PROBLEM TO WORK ON
Once "Flag of South Bend Indiana Tie Headband" turns up in a line below, reproduce that line and those after it exactly, stopping after the line with "adidas (アディダス) サッカーユニフォーム"; leave pictures out.

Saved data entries
━━━

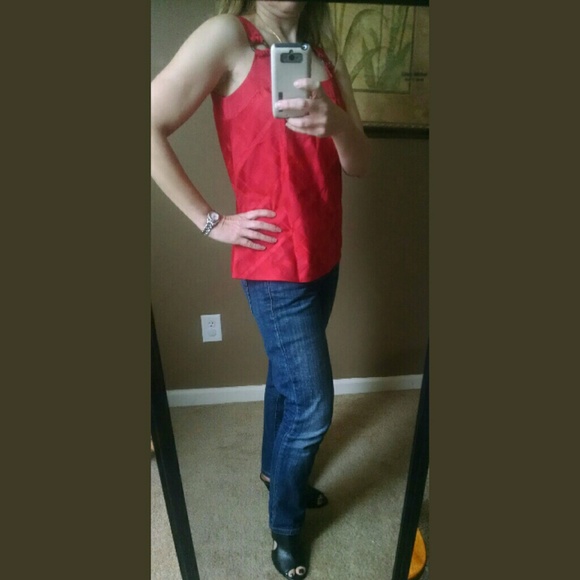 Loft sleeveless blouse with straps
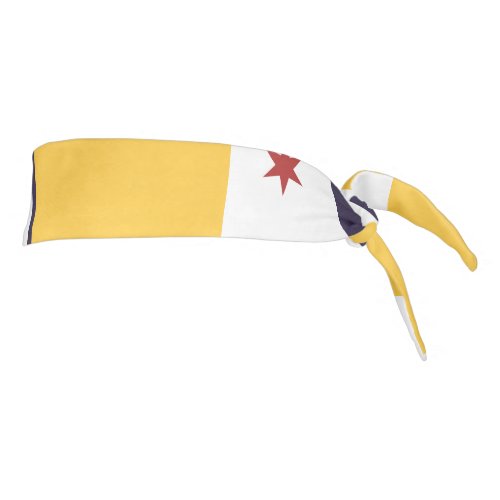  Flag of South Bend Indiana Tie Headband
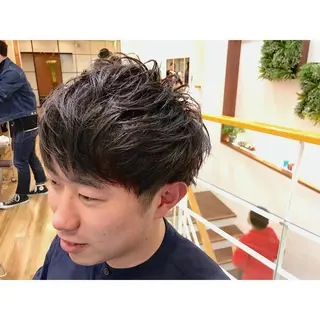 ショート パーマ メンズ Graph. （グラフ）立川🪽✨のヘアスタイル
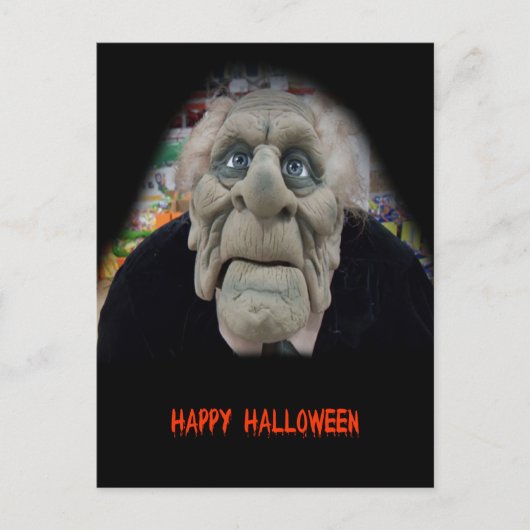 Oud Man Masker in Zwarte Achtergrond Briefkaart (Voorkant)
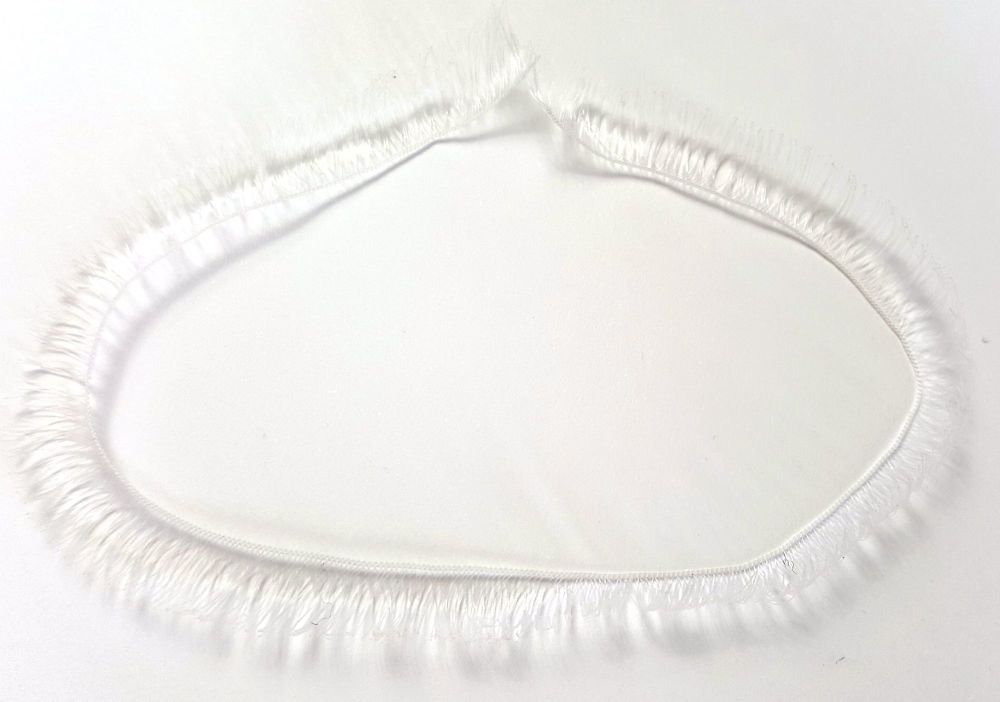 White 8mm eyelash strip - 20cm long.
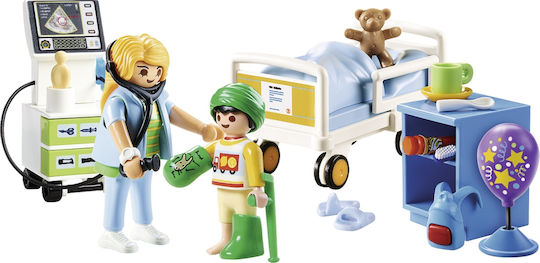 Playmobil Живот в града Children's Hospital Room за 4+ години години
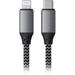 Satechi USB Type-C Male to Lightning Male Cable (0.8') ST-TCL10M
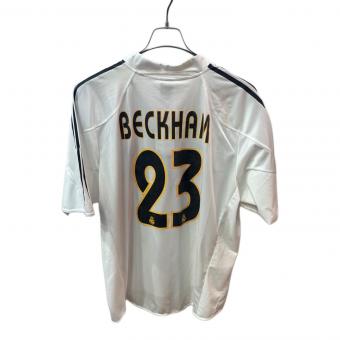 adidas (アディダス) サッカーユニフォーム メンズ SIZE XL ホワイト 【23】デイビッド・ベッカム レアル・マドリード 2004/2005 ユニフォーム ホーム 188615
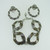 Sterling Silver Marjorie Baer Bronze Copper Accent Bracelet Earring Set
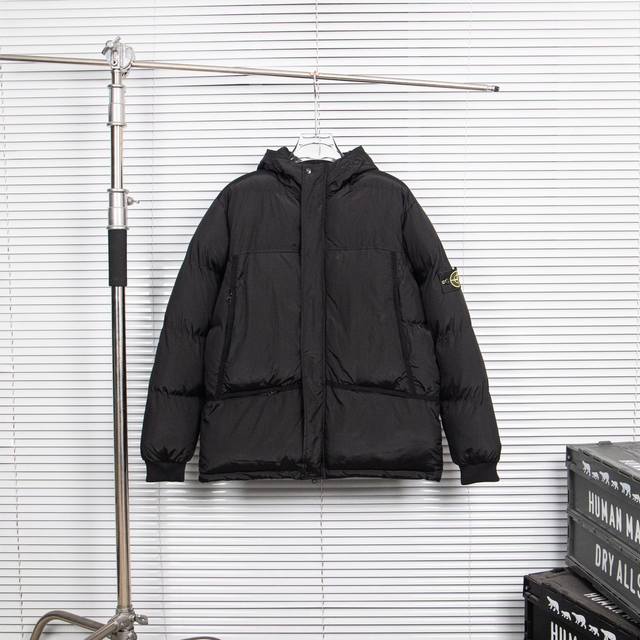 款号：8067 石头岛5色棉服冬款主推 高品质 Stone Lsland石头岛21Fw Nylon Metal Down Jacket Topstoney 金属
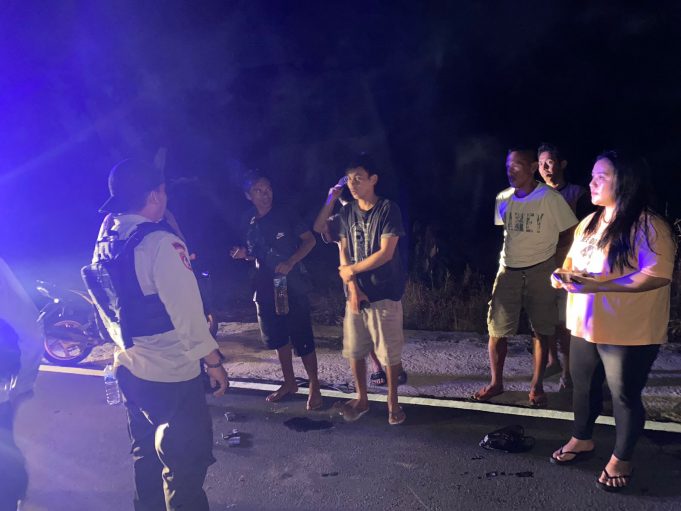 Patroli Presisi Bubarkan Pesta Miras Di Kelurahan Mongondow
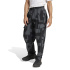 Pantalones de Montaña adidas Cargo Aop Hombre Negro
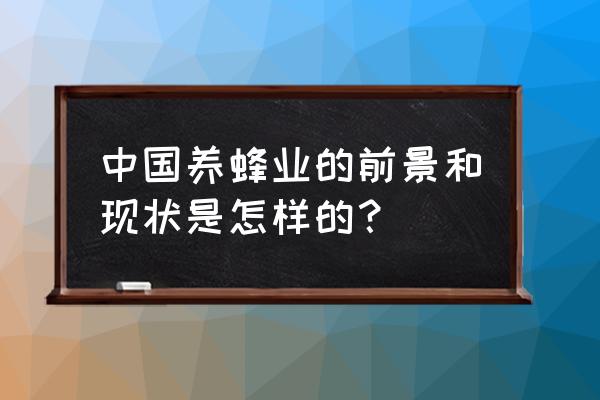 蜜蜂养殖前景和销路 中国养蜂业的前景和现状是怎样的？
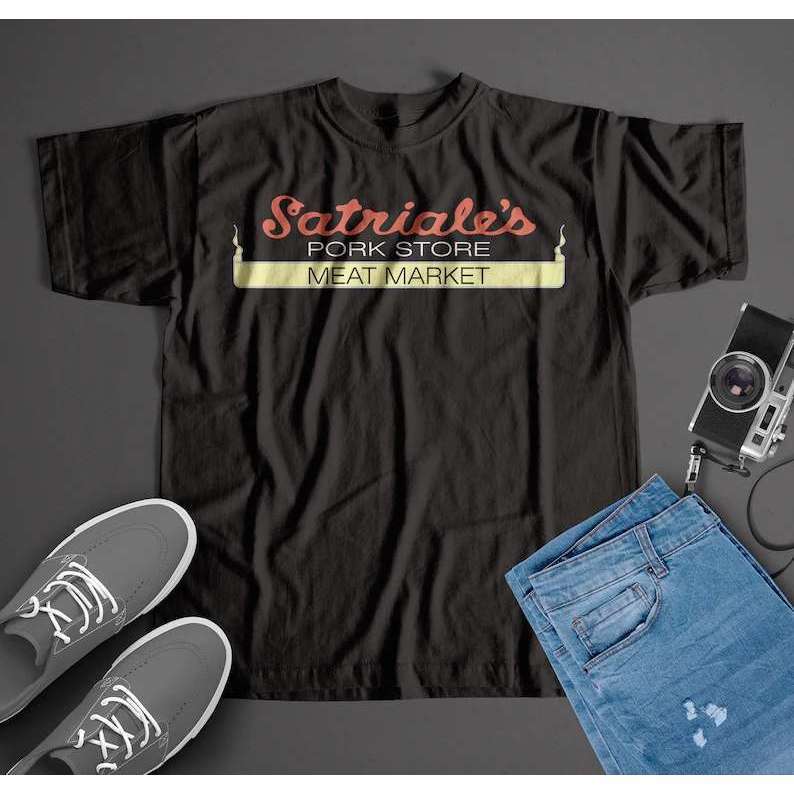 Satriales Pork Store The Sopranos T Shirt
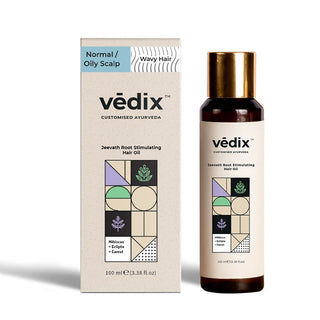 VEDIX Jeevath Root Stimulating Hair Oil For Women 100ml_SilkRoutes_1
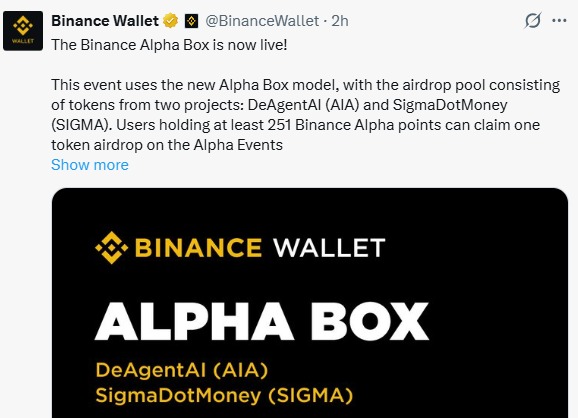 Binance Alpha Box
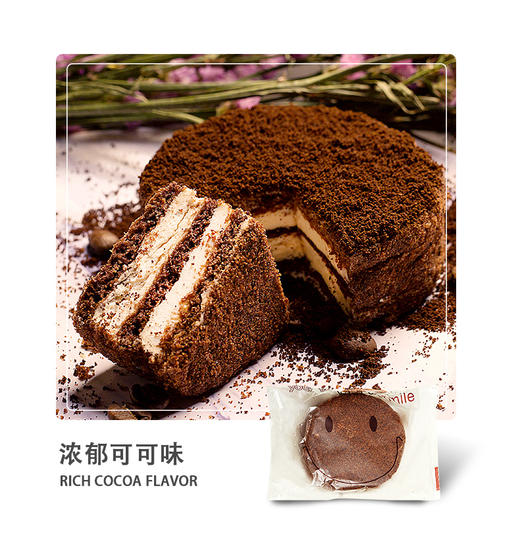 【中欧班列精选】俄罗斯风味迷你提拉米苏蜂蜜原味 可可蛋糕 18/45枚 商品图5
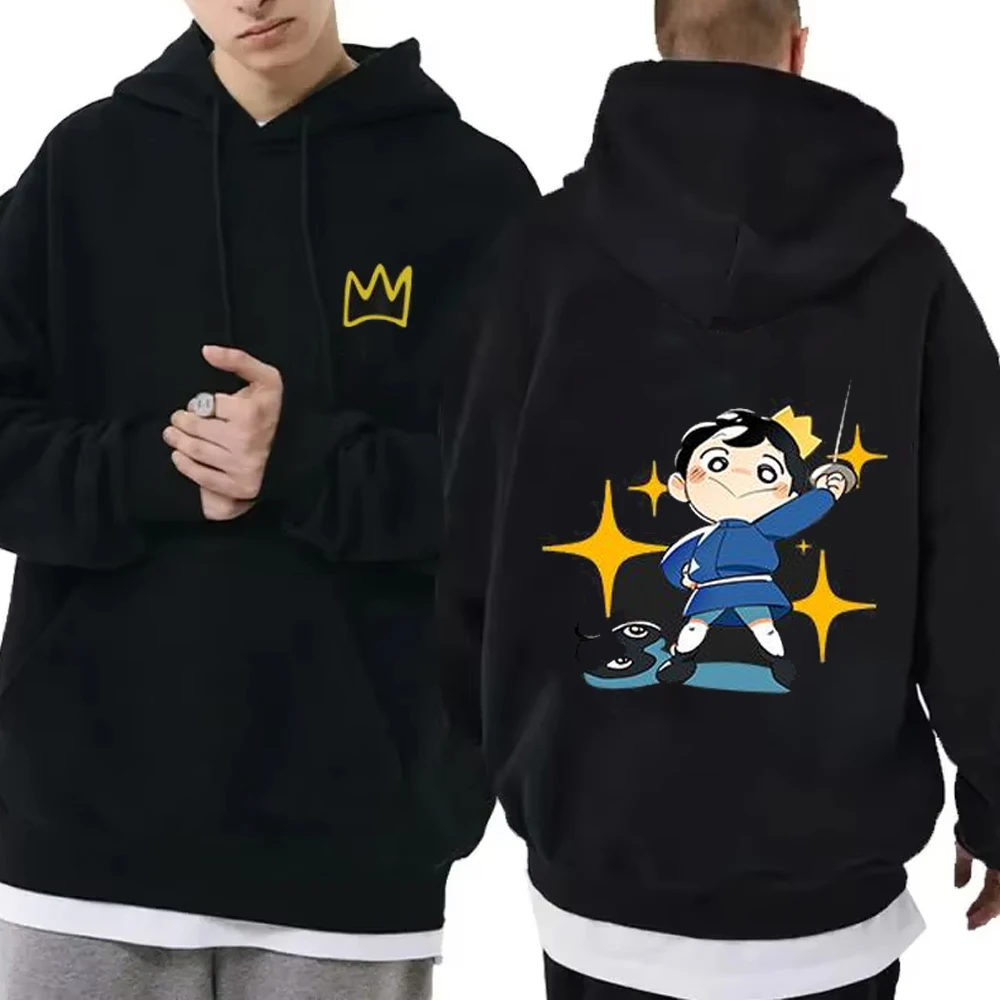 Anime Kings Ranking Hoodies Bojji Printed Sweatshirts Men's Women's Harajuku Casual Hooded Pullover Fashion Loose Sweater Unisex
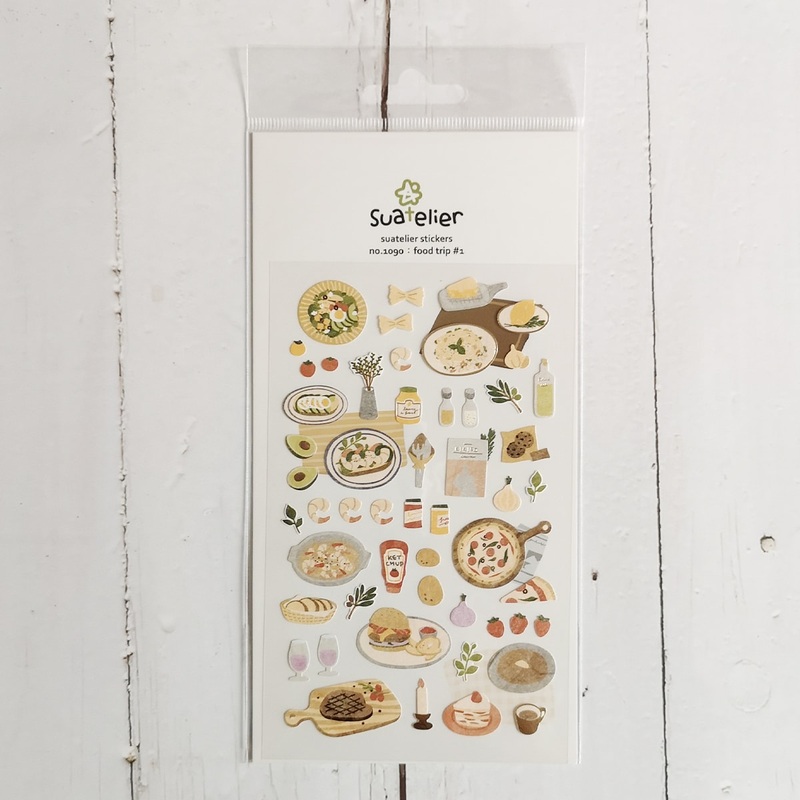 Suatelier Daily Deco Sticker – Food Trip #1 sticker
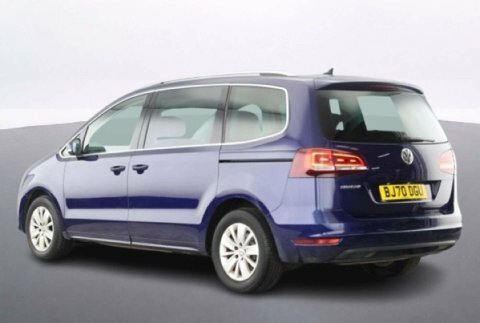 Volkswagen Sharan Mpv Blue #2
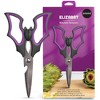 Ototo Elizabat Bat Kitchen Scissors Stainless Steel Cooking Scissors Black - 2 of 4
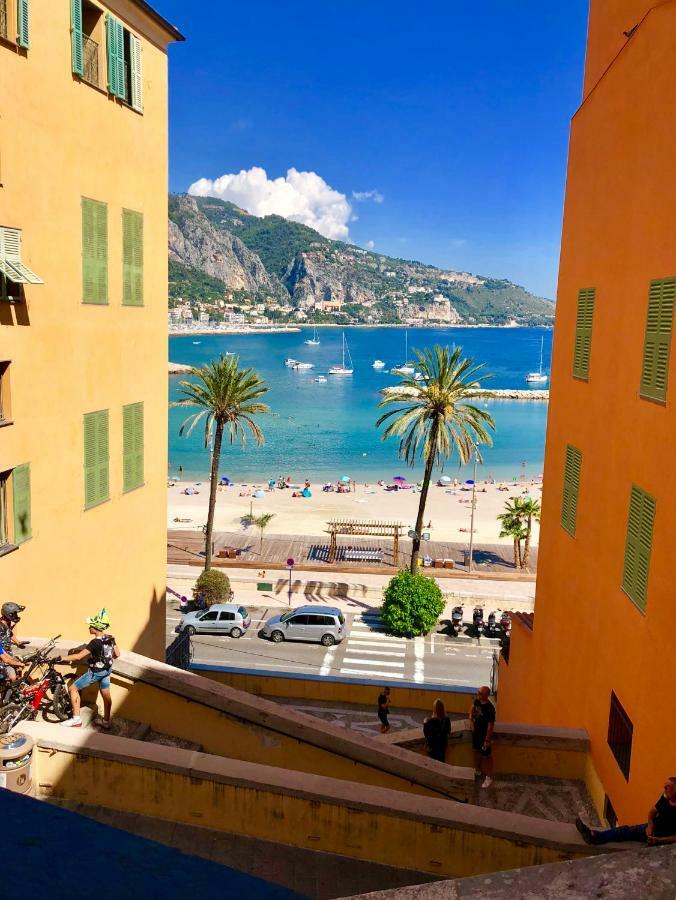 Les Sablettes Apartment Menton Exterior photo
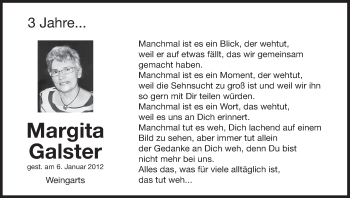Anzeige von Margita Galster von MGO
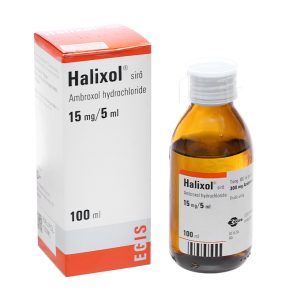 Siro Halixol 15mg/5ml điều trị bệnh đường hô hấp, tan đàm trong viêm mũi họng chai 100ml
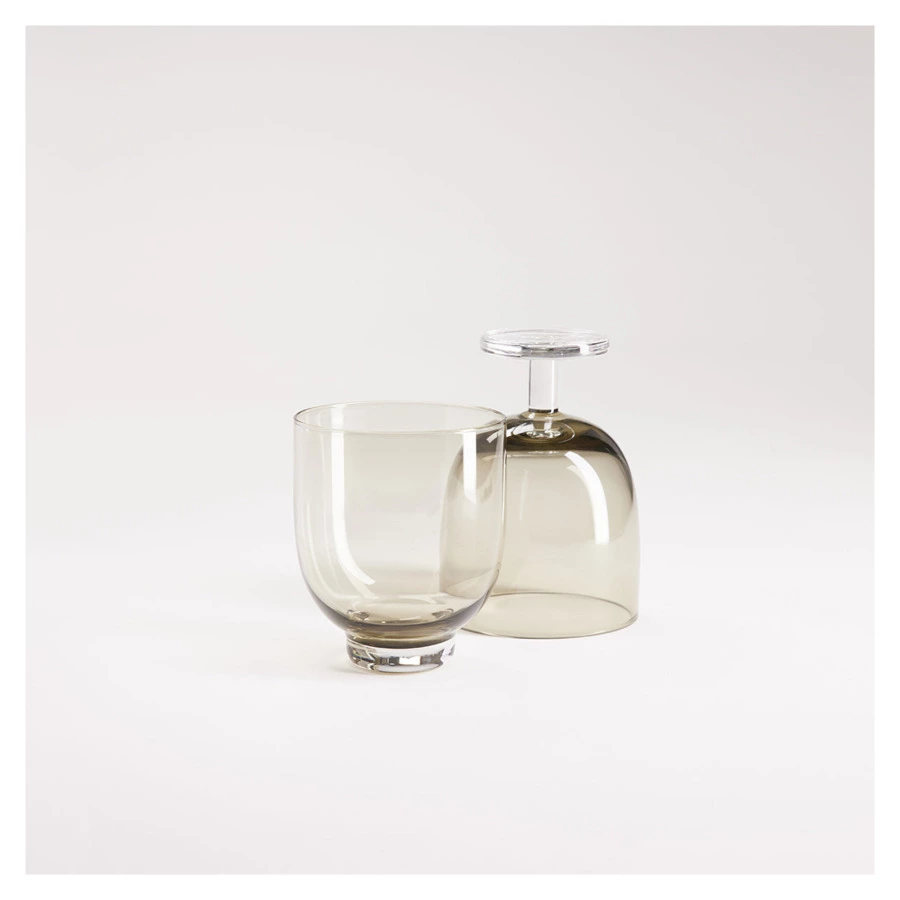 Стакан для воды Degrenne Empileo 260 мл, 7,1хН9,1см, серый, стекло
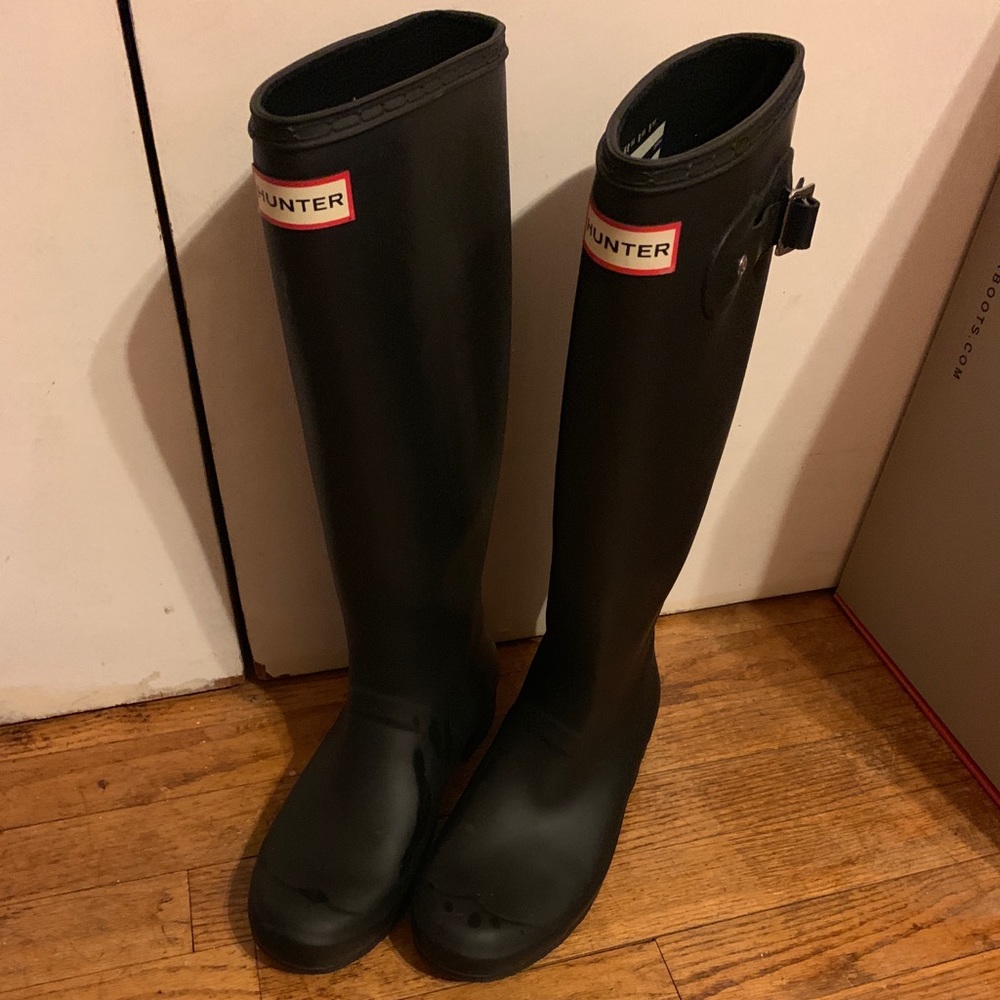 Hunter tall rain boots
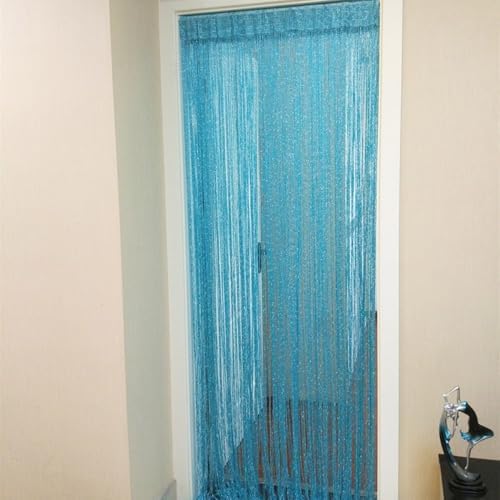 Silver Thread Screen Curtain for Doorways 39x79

━━━

EXPECTED ANSWER
  Flag of South Bend Indiana Tie Headband
 ショート パーマ メンズ Graph. （グラフ）立川🪽✨のヘアスタイル
 Oud Man Masker in Zwarte Achtergrond Briefkaart (Voorkant)
 White 8mm eyelash strip - 20cm long.
 Playmobil Живот в града Children's Hospital Room за 4+ години години
 Satechi USB Type-C Male to Lightning Male Cable (0.8') ST-TCL10M
 adidas (アディダス) サッカーユニフォーム メンズ SIZE XL ホワイト 【23】デイビッド・ベッカム レアル・マドリード 2004/2005 ユニフォーム ホーム 188615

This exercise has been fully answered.